8th Circuit affirms decision in FDCPA case
On September 6, the U.S. Court of Appeals for the Eighth Circuit affirmed a district court’s order to grant a defendant’s motion for judgment on the pleadings in an FDCPA suit. According to the opinion, the defendant sent the plaintiff a debt collection letter identifying the plaintiff as the attorney for a consumer named in the letter. The consumer was not the plaintiff’s client, the consumer had never identified the plaintiff as her attorney to anyone, and the plaintiff had never identified himself as the consumer’s attorney. When the plaintiff was unable to recognize the consumer’s name, he engaged in an extensive search of his files and records to determine if he had ever represented the consumer, and “found nothing to indicate that she was a past or present client.” The plaintiff filed suit, asserting that the defendant violated § 1692c(b) of the FDCPA when it contacted him regarding the debt of a consumer whom he did not represent and without the consumer’s consent. The plaintiff alleged that he suffered injury as a result of the violation, because his search for the consumer’s records cost him “valuable time and resources that he could have spent working on matters for actual clients.” The district court ruled that the defendant’s letter violated § 1692c(b) but said that the plaintiff lacked standing to sue under the statute and entered judgment on the pleadings against the plaintiff.

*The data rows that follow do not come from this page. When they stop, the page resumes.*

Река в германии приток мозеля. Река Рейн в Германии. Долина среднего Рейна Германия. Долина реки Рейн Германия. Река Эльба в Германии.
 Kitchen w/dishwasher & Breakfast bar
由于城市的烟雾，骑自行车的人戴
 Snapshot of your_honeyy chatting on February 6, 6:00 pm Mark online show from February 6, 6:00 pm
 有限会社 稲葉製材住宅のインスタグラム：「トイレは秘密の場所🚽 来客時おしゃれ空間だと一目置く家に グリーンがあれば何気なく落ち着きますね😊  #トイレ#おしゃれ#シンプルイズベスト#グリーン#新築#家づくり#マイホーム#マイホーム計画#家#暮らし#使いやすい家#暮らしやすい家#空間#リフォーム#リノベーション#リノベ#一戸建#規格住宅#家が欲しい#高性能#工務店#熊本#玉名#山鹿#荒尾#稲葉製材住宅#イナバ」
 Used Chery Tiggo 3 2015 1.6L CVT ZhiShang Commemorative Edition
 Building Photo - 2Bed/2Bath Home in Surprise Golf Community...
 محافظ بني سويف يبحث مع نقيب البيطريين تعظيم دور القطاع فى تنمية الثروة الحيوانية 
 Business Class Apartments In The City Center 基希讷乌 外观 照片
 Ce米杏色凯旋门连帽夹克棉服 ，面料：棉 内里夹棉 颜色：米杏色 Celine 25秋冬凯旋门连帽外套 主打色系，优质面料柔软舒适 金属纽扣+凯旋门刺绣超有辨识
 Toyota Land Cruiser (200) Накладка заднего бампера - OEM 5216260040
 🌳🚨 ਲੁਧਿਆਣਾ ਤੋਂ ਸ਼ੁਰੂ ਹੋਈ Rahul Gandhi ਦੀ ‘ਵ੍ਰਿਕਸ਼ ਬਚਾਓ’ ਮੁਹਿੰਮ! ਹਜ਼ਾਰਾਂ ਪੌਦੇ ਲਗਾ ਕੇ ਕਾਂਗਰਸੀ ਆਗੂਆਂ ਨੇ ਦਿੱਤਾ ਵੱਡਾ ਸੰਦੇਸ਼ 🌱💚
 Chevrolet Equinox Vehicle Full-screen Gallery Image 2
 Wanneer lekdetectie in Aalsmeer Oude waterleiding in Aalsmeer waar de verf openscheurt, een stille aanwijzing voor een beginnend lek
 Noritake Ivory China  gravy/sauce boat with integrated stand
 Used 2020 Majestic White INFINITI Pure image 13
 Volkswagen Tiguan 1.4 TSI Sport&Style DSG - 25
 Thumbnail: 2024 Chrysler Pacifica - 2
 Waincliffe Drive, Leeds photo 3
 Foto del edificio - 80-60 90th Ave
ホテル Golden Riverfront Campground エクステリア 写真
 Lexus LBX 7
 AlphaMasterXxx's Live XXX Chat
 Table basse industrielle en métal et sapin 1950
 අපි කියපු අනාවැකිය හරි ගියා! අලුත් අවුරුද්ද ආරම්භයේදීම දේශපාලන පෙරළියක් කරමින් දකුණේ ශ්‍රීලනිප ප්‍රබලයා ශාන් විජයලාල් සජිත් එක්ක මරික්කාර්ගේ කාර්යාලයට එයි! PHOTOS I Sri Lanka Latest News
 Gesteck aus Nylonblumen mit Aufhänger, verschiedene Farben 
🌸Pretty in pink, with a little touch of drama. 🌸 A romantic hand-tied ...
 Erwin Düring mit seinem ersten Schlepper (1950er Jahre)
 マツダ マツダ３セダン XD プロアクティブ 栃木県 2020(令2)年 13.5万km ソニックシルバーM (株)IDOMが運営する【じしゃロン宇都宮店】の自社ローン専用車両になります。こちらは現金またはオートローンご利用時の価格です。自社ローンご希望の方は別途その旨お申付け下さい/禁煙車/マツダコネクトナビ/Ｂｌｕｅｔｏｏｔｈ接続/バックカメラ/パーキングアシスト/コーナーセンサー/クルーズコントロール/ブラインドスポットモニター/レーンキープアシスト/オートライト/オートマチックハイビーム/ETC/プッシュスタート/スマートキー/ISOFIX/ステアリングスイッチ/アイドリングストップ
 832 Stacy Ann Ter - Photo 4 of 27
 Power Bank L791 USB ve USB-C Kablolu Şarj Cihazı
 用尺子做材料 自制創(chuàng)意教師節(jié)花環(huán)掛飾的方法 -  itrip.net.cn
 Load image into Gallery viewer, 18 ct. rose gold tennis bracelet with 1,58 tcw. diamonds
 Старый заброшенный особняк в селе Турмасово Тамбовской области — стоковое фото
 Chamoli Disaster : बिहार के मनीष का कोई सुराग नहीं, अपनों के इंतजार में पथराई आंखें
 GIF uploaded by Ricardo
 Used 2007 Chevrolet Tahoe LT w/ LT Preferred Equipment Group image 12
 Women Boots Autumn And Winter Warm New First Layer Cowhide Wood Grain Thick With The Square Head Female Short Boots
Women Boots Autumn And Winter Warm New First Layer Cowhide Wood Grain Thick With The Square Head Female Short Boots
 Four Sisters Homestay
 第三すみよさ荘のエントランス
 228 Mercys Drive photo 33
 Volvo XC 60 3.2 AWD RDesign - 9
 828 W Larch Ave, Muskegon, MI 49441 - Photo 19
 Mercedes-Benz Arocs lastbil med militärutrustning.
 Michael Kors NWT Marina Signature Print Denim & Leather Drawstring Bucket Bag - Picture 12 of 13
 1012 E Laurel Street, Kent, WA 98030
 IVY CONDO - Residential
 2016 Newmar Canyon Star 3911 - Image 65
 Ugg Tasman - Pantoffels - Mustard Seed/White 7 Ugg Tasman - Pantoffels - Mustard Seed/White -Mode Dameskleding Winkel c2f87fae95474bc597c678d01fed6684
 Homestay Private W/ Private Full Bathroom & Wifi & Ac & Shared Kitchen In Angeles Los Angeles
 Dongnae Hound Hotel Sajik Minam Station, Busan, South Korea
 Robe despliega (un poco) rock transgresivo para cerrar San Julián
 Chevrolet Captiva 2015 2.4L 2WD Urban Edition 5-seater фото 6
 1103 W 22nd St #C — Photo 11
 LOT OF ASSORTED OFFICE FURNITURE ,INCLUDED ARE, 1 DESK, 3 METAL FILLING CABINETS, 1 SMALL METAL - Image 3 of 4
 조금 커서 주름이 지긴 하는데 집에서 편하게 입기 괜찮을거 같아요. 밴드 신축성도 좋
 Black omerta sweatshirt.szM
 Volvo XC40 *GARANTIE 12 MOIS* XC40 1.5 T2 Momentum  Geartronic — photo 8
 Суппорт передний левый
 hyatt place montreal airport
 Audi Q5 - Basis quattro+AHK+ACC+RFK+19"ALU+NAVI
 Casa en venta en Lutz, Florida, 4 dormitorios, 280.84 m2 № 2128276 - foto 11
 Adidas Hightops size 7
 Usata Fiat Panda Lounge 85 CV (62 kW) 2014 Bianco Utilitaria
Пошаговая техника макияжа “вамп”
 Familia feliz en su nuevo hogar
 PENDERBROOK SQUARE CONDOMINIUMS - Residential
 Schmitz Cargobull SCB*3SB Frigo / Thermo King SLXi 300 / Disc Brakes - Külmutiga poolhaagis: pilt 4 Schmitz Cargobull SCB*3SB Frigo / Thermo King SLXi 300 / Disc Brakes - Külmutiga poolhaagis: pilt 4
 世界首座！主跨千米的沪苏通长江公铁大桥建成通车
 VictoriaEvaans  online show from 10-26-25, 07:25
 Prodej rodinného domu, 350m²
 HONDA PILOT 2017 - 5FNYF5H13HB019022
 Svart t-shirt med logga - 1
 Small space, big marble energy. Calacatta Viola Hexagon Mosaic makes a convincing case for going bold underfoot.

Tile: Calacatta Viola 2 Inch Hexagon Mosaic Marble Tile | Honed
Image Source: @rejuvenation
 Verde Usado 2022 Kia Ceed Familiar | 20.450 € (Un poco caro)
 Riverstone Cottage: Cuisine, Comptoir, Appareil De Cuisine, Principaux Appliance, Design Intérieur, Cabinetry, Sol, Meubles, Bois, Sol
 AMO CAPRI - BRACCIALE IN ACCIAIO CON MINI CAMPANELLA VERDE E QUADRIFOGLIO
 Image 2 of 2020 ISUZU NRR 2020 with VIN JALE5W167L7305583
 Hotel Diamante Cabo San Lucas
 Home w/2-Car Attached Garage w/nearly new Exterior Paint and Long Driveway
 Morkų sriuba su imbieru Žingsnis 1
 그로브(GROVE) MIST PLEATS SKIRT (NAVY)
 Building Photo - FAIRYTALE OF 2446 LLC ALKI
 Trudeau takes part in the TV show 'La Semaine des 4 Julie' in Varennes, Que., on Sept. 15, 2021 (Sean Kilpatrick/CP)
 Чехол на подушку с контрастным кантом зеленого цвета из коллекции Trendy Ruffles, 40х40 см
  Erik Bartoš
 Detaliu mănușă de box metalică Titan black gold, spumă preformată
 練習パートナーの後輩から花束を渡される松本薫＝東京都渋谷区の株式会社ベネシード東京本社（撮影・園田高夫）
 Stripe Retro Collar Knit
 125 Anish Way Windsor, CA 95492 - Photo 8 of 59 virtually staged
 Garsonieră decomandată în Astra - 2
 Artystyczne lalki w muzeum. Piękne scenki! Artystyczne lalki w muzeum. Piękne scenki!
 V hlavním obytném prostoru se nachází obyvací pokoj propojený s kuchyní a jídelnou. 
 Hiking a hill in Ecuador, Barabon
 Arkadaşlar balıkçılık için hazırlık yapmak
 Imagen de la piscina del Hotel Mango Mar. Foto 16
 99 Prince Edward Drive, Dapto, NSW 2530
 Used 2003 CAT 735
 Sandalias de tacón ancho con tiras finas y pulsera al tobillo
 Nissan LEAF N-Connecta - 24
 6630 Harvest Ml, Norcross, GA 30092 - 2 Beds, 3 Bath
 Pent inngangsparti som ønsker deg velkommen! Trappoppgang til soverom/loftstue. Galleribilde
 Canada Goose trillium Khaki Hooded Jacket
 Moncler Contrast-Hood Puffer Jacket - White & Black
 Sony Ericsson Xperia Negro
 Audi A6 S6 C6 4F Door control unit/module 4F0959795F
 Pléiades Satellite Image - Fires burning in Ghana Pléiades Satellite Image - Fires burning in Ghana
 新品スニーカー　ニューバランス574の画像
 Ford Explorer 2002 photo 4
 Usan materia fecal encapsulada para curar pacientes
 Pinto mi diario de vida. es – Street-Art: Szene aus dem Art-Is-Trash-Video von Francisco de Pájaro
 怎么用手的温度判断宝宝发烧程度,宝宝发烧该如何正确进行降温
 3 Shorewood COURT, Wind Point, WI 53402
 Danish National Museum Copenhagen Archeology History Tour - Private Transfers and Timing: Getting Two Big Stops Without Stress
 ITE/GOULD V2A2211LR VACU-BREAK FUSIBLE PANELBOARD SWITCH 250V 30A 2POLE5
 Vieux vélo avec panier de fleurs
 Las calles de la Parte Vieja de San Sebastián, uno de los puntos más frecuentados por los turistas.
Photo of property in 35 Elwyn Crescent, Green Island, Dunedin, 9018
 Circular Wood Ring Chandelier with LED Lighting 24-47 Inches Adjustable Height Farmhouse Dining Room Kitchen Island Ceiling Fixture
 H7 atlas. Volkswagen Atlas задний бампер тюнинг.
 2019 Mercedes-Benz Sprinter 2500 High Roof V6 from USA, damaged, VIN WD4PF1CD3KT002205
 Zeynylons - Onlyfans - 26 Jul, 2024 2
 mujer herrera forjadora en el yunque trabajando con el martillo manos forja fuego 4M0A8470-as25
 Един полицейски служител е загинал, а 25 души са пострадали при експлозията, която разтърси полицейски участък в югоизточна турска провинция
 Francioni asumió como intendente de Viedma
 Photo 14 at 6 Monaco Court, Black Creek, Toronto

On appeal, the 8th Circuit agreed with the district court that the defendant violated the FDCPA when it sent the letter to the attorney, but also agreed with other circuit courts that non-consumers cannot bring § 1692c(b) claims. The appellate court noted that “[b]ecause the purpose of § 1692c(b) is to protect consumers alone, we conclude that [the plaintiff] falls outside § 1692c(b)’s ‘zone of interests’ and thus cannot invoke the protection afforded by it.” The 8th Circuit rejected the plaintiff’s argument that the proper course of action was to remand the case back to state court, where it was originally filed, and affirmed that the decision “was a ruling on the merits of [the plaintiff’s] claim, not on the district court’s jurisdiction.”